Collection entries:
* * *
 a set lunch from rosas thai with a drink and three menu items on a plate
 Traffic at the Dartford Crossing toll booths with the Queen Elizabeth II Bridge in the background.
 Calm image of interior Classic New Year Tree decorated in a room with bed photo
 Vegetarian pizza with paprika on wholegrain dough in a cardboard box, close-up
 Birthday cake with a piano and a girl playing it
* * *
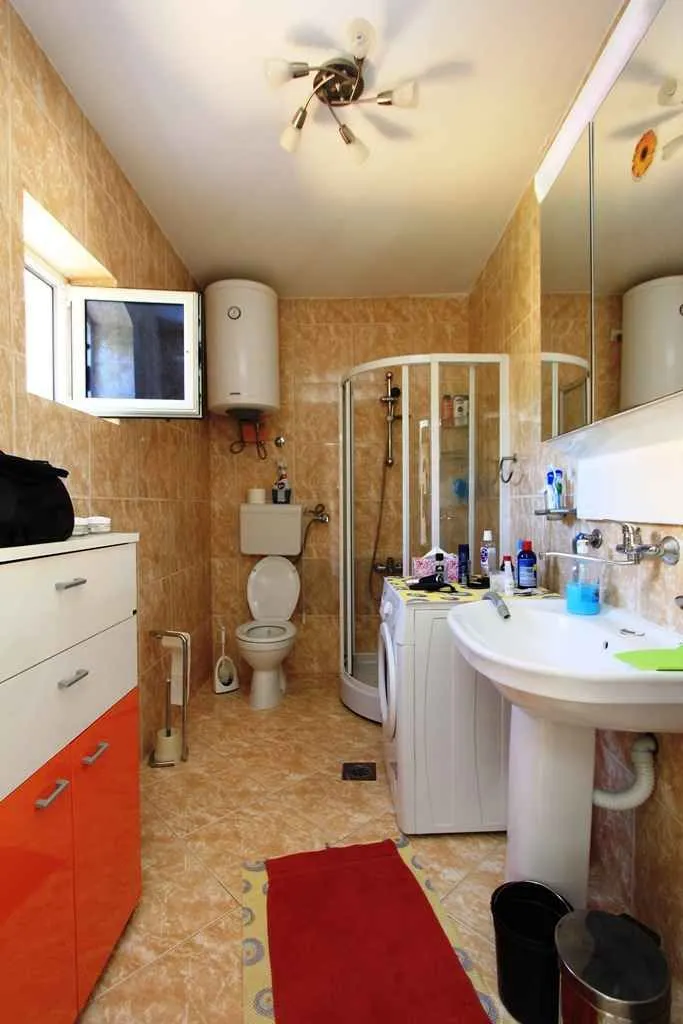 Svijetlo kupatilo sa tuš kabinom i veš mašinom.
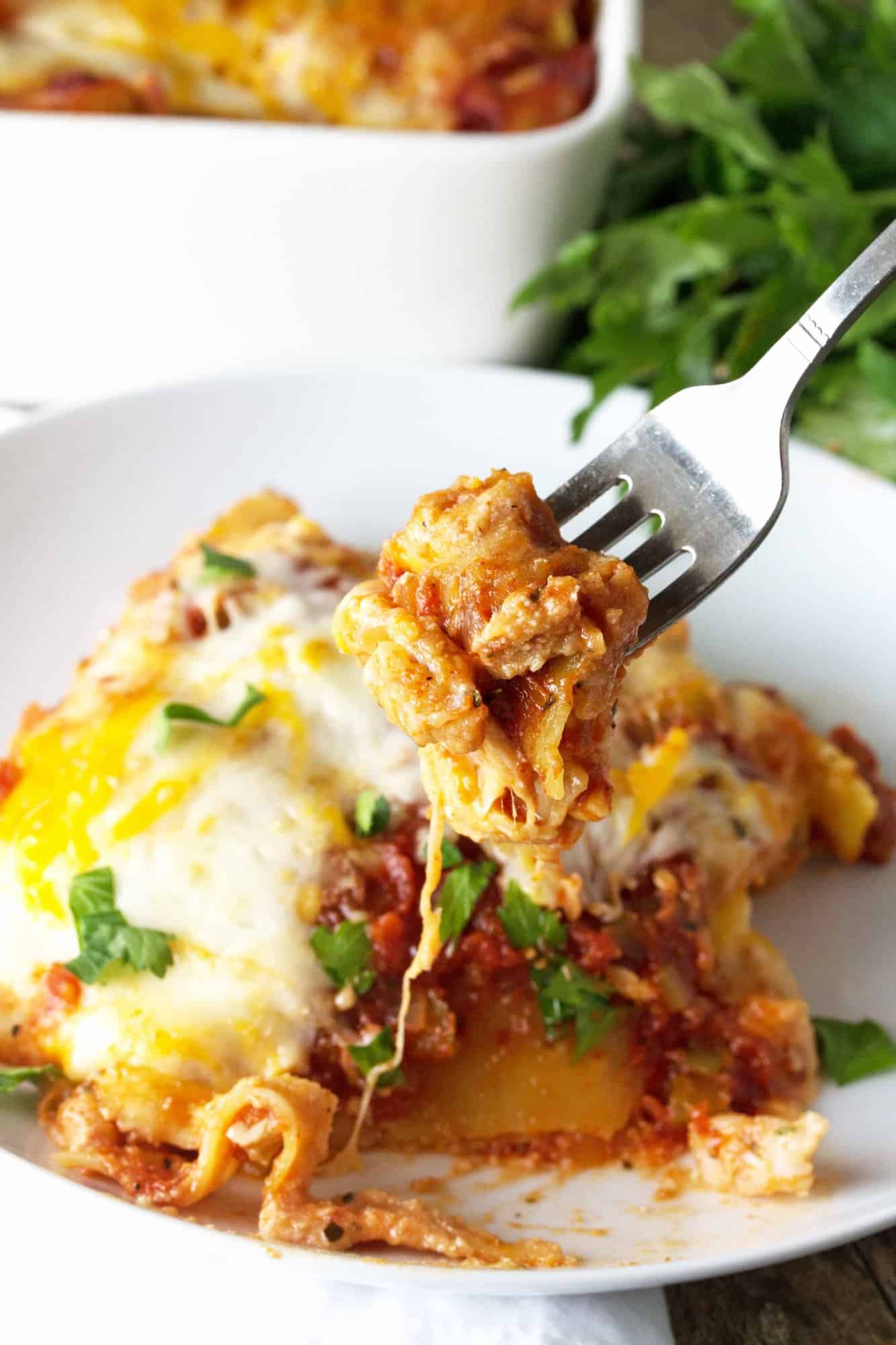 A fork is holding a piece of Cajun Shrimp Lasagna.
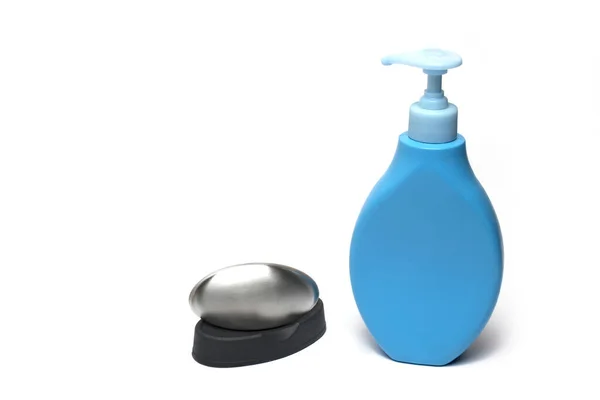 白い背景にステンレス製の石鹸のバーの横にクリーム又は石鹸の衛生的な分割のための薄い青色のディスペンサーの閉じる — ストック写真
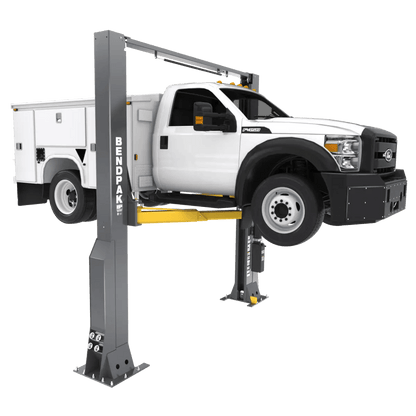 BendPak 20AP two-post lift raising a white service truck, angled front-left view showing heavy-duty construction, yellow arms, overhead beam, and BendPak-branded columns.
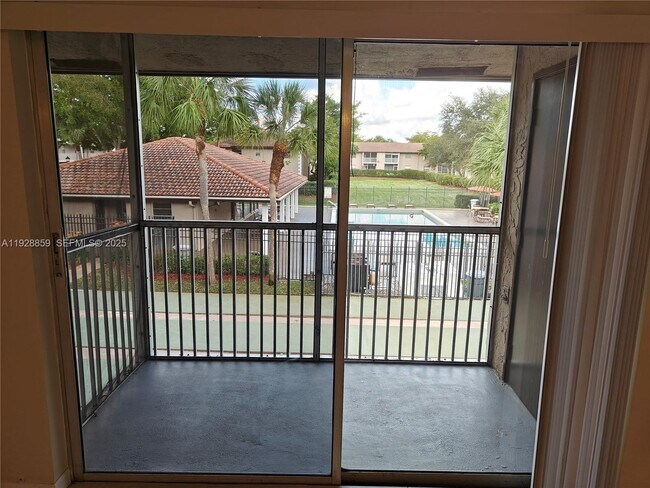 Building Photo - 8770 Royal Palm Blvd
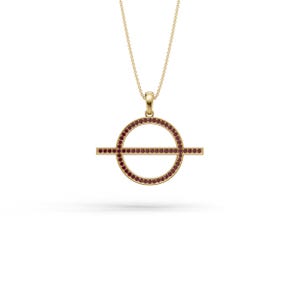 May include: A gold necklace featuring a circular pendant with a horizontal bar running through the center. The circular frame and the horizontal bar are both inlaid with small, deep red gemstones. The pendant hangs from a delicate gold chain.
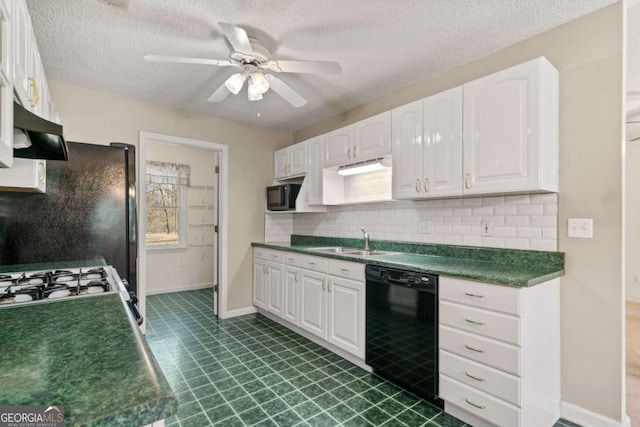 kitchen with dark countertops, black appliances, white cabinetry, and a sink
* * *
▸ **WHAT IS NEEDED**:
Using the entries above, transcribe every line from the line containing "Svijetlo kupatilo sa" through the line containing "kitchen with dark". Do not copy pictures.

▸ **PROBLEM SOLUTION**:
 Svijetlo kupatilo sa tuš kabinom i veš mašinom.
 A fork is holding a piece of Cajun Shrimp Lasagna.
 白い背景にステンレス製の石鹸のバーの横にクリーム又は石鹸の衛生的な分割のための薄い青色のディスペンサーの閉じる — ストック写真
 BendPak 20AP two-post lift raising a white service truck, angled front-left view showing heavy-duty construction, yellow arms, overhead beam, and BendPak-branded columns.
 Building Photo - 8770 Royal Palm Blvd
 May include: A gold necklace featuring a circular pendant with a horizontal bar running through the center. The circular frame and the horizontal bar are both inlaid with small, deep red gemstones. The pendant hangs from a delicate gold chain.
 kitchen with dark countertops, black appliances, white cabinetry, and a sink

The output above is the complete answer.